Reader Question: Can Closing Cost be financed with a VA Loan?

I received this email from one of our subscribers:

 ”…with a VA mortgage,  can you finance buyer closing costs in excess of the purchase price (e.g. not ask for seller financing contributions, but just borrow them in excess of the purchase price)”

With a VA mortgage, the buyers closing cost cannot be financed, with exception to the VA funding fee, regardless of the appraised value.

The VA loan amount is limited to the purchase price, appraised value or VA county loan limit (or VA jumbo loan amount)*, whichever is less.

*NOTE: VA does not set actual loan limits on counties. They do set a limit as to their maximum guarantee (meaning zero down financing). In the greater Seattle/King-County area, the loan limit for zero down financing is currently $500,000. Click here for a complete list of VA loan amounts per county.  VA loan amounts exceeding $500,000 in the Seattle/King County area are considered VA Jumbos and will require some down payment depending on the difference between the sales price and county loan limit. 

USDA loans, on the other hand, will allow for buyers closing cost to be financed IF the appraised value is higher than the sales price. The loan amount is limited to the appraised value and must be applied to bona fide closing cost.

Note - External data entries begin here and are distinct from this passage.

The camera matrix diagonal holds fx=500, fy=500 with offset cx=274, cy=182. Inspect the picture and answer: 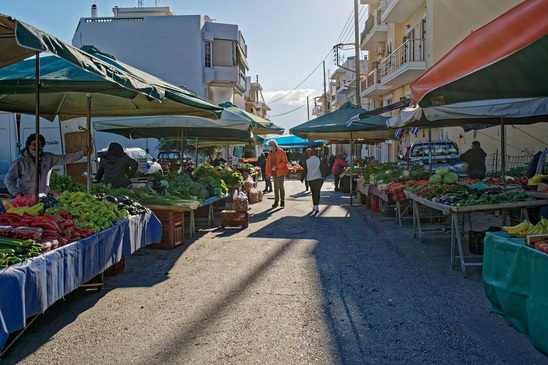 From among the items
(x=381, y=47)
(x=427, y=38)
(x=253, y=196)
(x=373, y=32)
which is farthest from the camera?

USDA loans are also zero down programs and are only eligible in specific designated rural areas, like Snoqualmie, Carnation or Duvall, and to borrowers who meet certain household income limits. 

Sellers can contribute towards closing cost for both of these mortgage programs and currently, low mortgage rates are often paired with enough rebate pricing to cover a majority of the closing cost.

Thanks for your question!


  1. Agents (and buyers) need to know that if they are going to do this (fund such items in the loan) it needs to be disclosed to the seller, because the seller needs to know that the property will need to appraise for more than the sales price. That affects the seller.

    Consult your broker.

    • I NEVER advise USDA buyers to count on the home appraising for higher than the sales price… that’s too much of a gamble. If a buyer is not wanting to bring in funds for closing and the seller is not contributing towards the closing cost, the buyer should talk to their mortgage professional about using rebate pricing to help with closing cost.

      If the home happens to appraise for more than the sales price, and the buyer is using USDA for financing – it’s only a “bonus” IF they want to finance closing cost.

      • I would agree, if for no other reason than so many appraisals come in at exactly the sales price.

        Paragraph a of the state-wide purchase and sale agreement has a representation that the buyer has funds to close. The financing addendum addresses the situation where the appraisal is less than the sales price, but not where the appraisal is less than the sales price plus some closing costs. Without some tweaking and/or disclosure the buyer would likely be in breach if the appraisal came in “low” and the financing addendum would not save them.